Geçmişte madencilik acıları yaşanmış ülkelerde bugün birbirinden ilgi çekici madencilik müzeleri var. Bu müzeler, 19. yüzyılın ikinci yarısında açılıp artık çalışmayan gerçek maden ocakları üzerinde kurulmuş. Buralarda her yaştan ziyaretçi, madenciler gibi giyinip yeraltına inerek dünyanın bu en zor işinin geçmişte ve günümüzde nasıl yapıldığını görüyor. Rehberleriyse eski madenciler...
West Yorkshire’daki İngiltere Ulusal Madencilik Müzesi’nde ziyaretçiler kafesin içine girerek çetin kömür madenciliğinin zaman içinde geçirdiği aşamaları görmek üzere yerin 140 metre altına iniyorlar. Fransa’da Nord/Pas-de-Calais’deki kömür madenciliği tarihine adanmış Leward Maden Tarihi Merkezi’nde ise 450 metre derinliğinde kuyulara iniliyor. 19. yüzyılın ikinci yarısında madenlerde erkeklerin yanı sıra kadınlarla çocukların da çalıştığı, taşıma için midillilerin kullanıldığı dönemleri yaşarcasına ses ve video gösterileriyle zamanda yolculuk yapan ziyaretçiler bununla kalmayıp günümüzdeki uygulamaları da görüyorlar, madenci rehberlerinin kendi deneyimlerini dinliyorlar.
Edinburg yakınlarındaki İskoçya Ulusal Madencilik Müzesi, “Kömürün Öyküsü”nü anlatarak karşılıyor ziyaretçilerini: 360 milyon yıl önce kömürün oluşumundan insanoğlunun 13. yüzyılda başlayıp günümüzedek süren kömür çıkarma çabalarını gösteriyor.
Bu müzenin en ilginç yanlarından biri düğün mekanı olarak kullanılması!... Düğün yapmak için farklı bir mekan arayanlara ocağın –Viktorya dönemi yapısı- enerji santrali, yüksek kemerli pencereleri, özgün tuğlaları ile çekici bir seçenek olarak sunuluyor.
Bütün iyi müzeler gibi madencilik müzeleri de özellikle okul çağındaki çocukların ilgisini çekmeyi önemsiyorlar; okullar için birbirinden ilginç deneyim etkinlikleri düzenliyorlar.

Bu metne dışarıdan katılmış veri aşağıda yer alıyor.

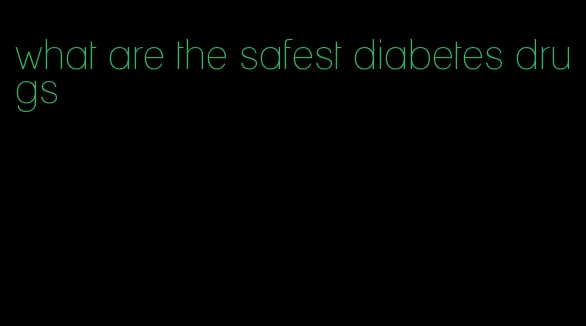 what are the safest diabetes drugs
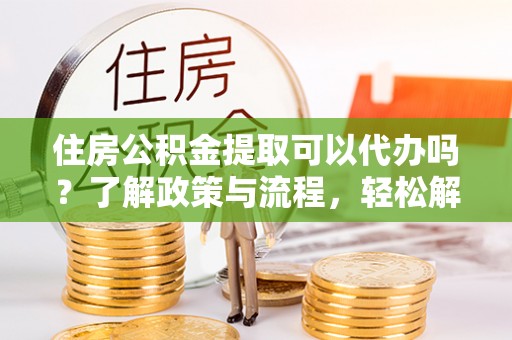 通山住房公积金提取可以代办吗？了解政策与流程，轻松解决疑惑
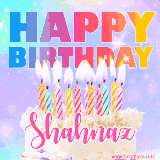 A vibrant animated name GIF with the words 'Happy Birthday Shahnaz' with colorful candles on a creamy cake. The background sparkles with pastel shades, adding a festive touch.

Bochum’daki Alman Madencilik Müzesi, yalnızca kömür madenciliğine ayrılmamış; madenciliğin tüm kollarını kapsıyor. Burada yetişkinler için ilginç atelye çalışmalarından başka iki yaşından başlayarak her yaş grubundaki çocuk için farklı atelye seçenekleri bulunuyor. Ayrıca, yine çocuklar için bilgi, eğlence ve serüven içeren özel yaşgünü programları var.
İskoçya Ulusal Madencilik Müzesi’nde çocuklar için tasarlanmış birbirinden ilginç etkinlik ortamından birkaçı şöyle: Çocukların karanlık, soğuk, daracık kömür kuyusunda çalışmanın nasıl olduğunu fark etmeleri için sürünerek geçecekleri bir tünel bulunuyor. Eşlerinin madenci giysilerini temizlemek için ne denli uğraştıklarının deneyimlenebileceği bir “çamaşır günü” etkinliği var. Ayrıca Viktorya döneminin giysilerini giymek gibi eğlenceli etkinlikler de hazırlanmış çocuklar için.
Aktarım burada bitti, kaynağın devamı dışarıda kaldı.